Di sisi lain ini mempengaruhi nasib keselamatan Pangeran Diponegoro. Sang pangeran mulai berada di titik nadir, pada 21 September 1829 Pangeran Ngabehi, panglima paling senior yang tersisa, bersama dua putranya, terbunuh dalam pertempuran sengit di Pegunungan Kelir yang ada di perbatasan Bagelen - Mataram.
Tak lama kemudian, pada 11 November 1829 Pangeran Diponegoro nyaris tertangkap oleh pasukan gerak cepat ke-11 yang dikomandoi oleh Mayor A. V. Michiels di Pegunungan Gowong. Diponegoro lalu memutuskan untuk masuk ke hutan-hutan di sebelah barat Bagelen dengan hanya ditemani dua punakawan atau pengiring terdekat, yakni Bantengwerang dan Roto.
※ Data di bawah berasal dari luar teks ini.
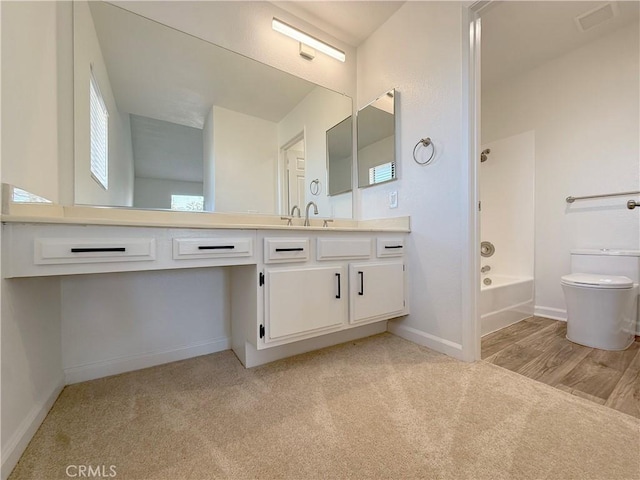 bathroom featuring toilet, baseboards, vanity, and shower / tub combination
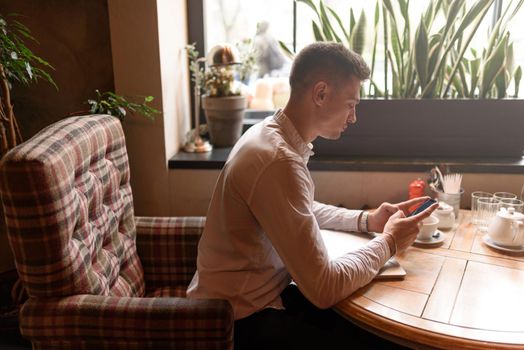 Side view of young businessman holding smartphone while sitting at the table in coffee shop. Lifestyle concept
Di tangan keduanya pulalah, semua kebutuhan sang pangeran dilayani serta turut sebagai penunjuk jalan dan penasehatnya. Konon pengembaraan ini membawa sang pangeran sampai ke Sampang di daerah Remo, di hulu Kali Cincingguling, kawasan yang jauh antara Bagelen dan Banyumas.
Konon Pangeran Diponegoro terus mengembara dalam persembunyiannya. Menembus hutan perawan lebat, bersembunyi di gua-gua, mencari bantuan dimana itu dimungkinkan di tengah hujan lebat dan angin kencang. Sang pangeran kerap mengalami kekurangan makanan, tidak punya tempat berteduh di waktu malam.
Nasib Pangeran Diponegoro kian miris ketika patih setianya Raden Adipati Abdullah Danurejo, membelot ke pihak Belanda. Ia pun terpaksa terus bersembunyi di lebatnya hutan, dengan harus menahan rasa sakit menderita luka di kakinya dan terkena sakit malaria yang membuat fisik sang pangeran melemah. Ia menanggung dengan tabah semua derita ini sampai 9 Februari 1830. Sang pangeran terus menanggungnya dengan tabah sampai akhirnya ketika negosiasi - negosiasi awal dengan Kolonel Jan Baptist Cleerens.